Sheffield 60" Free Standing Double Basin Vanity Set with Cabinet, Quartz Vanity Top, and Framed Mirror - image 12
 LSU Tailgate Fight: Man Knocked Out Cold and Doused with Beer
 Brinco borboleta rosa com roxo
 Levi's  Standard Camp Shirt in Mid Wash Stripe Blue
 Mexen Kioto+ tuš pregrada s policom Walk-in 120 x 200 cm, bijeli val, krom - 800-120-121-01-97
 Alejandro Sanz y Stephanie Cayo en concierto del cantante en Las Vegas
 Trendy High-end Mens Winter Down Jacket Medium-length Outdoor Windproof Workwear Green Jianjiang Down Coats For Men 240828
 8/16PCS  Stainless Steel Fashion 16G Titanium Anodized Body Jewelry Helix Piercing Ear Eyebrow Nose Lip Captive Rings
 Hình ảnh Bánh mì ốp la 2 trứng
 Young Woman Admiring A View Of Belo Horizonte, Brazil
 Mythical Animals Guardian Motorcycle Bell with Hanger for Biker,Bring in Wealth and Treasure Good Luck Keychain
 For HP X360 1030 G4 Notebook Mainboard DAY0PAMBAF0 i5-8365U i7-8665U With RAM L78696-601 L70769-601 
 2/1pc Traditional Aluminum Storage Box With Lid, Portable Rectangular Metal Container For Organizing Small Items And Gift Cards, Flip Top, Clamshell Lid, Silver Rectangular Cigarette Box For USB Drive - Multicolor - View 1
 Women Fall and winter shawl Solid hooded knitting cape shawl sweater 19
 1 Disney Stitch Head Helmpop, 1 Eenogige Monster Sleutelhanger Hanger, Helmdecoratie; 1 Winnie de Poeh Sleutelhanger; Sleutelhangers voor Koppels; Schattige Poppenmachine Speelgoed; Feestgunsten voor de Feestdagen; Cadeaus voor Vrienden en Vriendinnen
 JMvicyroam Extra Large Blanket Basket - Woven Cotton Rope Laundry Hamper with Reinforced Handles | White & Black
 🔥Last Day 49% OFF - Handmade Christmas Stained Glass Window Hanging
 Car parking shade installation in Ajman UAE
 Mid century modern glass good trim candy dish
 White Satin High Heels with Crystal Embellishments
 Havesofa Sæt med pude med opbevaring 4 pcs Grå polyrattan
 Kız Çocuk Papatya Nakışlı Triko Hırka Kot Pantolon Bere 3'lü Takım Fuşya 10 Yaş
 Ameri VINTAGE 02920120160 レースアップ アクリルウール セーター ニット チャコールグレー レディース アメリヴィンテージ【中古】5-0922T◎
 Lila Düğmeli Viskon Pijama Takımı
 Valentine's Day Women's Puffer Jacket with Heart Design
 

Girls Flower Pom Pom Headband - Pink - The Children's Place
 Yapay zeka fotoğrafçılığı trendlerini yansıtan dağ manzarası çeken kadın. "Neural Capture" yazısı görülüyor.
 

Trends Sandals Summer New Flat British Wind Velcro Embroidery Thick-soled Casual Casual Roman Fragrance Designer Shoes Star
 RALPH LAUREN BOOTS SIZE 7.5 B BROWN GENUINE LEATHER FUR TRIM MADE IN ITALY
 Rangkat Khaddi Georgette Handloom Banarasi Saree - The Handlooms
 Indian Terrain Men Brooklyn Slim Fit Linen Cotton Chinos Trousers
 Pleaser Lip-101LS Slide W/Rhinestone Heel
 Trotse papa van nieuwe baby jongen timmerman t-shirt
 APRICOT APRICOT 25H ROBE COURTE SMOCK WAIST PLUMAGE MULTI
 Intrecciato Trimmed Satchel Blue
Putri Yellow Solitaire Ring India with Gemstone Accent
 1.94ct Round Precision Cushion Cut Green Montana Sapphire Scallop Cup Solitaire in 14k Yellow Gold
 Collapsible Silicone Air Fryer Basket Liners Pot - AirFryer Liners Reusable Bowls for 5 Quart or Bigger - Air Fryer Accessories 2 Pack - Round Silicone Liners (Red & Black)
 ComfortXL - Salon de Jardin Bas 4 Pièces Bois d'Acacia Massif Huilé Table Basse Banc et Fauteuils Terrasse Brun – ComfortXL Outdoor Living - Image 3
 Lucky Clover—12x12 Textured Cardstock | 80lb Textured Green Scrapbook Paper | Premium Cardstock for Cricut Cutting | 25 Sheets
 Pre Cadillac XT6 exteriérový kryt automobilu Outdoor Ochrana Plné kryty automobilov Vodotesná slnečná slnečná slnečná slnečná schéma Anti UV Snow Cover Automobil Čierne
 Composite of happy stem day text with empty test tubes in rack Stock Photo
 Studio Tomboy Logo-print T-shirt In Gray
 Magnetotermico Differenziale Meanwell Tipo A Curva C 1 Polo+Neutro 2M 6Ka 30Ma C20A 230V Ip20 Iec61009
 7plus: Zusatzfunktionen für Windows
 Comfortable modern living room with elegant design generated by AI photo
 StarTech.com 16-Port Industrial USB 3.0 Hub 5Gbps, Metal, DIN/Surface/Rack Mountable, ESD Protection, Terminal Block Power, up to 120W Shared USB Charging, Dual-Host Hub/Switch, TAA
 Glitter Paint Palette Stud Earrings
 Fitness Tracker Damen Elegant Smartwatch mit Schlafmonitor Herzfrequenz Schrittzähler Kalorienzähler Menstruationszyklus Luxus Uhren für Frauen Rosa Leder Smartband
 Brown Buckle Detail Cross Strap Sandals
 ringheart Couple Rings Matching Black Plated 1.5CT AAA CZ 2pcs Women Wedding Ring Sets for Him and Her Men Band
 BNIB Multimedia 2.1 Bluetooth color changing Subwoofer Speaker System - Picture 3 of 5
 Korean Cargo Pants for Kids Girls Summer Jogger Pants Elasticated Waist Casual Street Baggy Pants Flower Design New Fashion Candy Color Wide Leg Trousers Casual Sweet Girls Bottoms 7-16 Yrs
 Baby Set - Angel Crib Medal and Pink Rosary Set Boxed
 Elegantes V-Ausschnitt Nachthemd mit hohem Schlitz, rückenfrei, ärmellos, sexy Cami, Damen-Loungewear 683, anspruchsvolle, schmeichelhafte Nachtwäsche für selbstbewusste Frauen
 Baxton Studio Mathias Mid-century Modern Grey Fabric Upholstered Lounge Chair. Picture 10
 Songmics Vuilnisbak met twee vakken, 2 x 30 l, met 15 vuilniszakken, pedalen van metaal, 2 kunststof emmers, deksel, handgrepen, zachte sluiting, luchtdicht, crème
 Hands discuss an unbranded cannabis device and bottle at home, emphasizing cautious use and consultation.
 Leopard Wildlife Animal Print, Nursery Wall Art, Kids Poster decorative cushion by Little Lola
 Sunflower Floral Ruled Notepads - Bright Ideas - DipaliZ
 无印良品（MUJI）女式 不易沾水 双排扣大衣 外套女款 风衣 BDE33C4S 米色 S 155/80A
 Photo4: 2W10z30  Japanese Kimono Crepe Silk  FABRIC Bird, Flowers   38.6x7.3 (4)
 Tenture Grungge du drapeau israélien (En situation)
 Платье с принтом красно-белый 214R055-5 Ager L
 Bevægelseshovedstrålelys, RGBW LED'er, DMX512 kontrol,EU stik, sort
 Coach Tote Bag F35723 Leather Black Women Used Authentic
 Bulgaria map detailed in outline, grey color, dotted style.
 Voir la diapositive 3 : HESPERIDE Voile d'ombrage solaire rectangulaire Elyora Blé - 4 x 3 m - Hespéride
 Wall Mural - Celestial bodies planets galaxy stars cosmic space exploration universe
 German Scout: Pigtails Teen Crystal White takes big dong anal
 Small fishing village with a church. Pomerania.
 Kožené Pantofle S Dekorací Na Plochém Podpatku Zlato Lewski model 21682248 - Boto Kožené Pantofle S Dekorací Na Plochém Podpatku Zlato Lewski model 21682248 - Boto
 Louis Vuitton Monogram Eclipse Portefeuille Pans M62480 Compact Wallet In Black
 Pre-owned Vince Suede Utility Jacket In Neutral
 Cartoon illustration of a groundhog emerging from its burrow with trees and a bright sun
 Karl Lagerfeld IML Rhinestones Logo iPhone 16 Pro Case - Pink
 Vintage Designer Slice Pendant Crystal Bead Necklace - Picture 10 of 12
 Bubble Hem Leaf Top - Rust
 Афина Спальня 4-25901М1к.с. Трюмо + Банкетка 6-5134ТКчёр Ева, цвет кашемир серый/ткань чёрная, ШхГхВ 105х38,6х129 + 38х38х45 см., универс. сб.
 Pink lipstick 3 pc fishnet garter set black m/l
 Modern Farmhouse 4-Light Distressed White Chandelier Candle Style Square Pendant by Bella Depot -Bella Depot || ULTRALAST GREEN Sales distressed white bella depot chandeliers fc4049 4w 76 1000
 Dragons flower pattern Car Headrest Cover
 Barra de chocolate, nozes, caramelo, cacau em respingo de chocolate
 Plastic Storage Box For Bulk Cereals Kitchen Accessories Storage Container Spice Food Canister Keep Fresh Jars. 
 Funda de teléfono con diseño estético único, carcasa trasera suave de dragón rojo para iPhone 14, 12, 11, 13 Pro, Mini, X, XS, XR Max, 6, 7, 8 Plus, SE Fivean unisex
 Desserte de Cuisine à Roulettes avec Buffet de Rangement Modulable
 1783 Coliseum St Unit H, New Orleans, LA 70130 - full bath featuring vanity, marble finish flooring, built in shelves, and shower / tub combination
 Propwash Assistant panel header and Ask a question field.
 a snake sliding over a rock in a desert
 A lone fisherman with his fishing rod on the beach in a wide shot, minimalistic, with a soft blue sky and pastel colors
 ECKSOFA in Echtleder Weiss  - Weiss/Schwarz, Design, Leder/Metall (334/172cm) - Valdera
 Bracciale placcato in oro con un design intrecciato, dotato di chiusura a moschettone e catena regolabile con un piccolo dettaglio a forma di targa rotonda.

================

What needs to be done: Go through the material above and output exactly the lines from the one containing "Alejandro Sanz y" through the one containing "1 Disney Stitch".

Task solution:
 Alejandro Sanz y Stephanie Cayo en concierto del cantante en Las Vegas
 Trendy High-end Mens Winter Down Jacket Medium-length Outdoor Windproof Workwear Green Jianjiang Down Coats For Men 240828
 8/16PCS  Stainless Steel Fashion 16G Titanium Anodized Body Jewelry Helix Piercing Ear Eyebrow Nose Lip Captive Rings
 Hình ảnh Bánh mì ốp la 2 trứng
 Young Woman Admiring A View Of Belo Horizonte, Brazil
 Mythical Animals Guardian Motorcycle Bell with Hanger for Biker,Bring in Wealth and Treasure Good Luck Keychain
 For HP X360 1030 G4 Notebook Mainboard DAY0PAMBAF0 i5-8365U i7-8665U With RAM L78696-601 L70769-601 
 2/1pc Traditional Aluminum Storage Box With Lid, Portable Rectangular Metal Container For Organizing Small Items And Gift Cards, Flip Top, Clamshell Lid, Silver Rectangular Cigarette Box For USB Drive - Multicolor - View 1
 Women Fall and winter shawl Solid hooded knitting cape shawl sweater 19
 1 Disney Stitch Head Helmpop, 1 Eenogige Monster Sleutelhanger Hanger, Helmdecoratie; 1 Winnie de Poeh Sleutelhanger; Sleutelhangers voor Koppels; Schattige Poppenmachine Speelgoed; Feestgunsten voor de Feestdagen; Cadeaus voor Vrienden en Vriendinnen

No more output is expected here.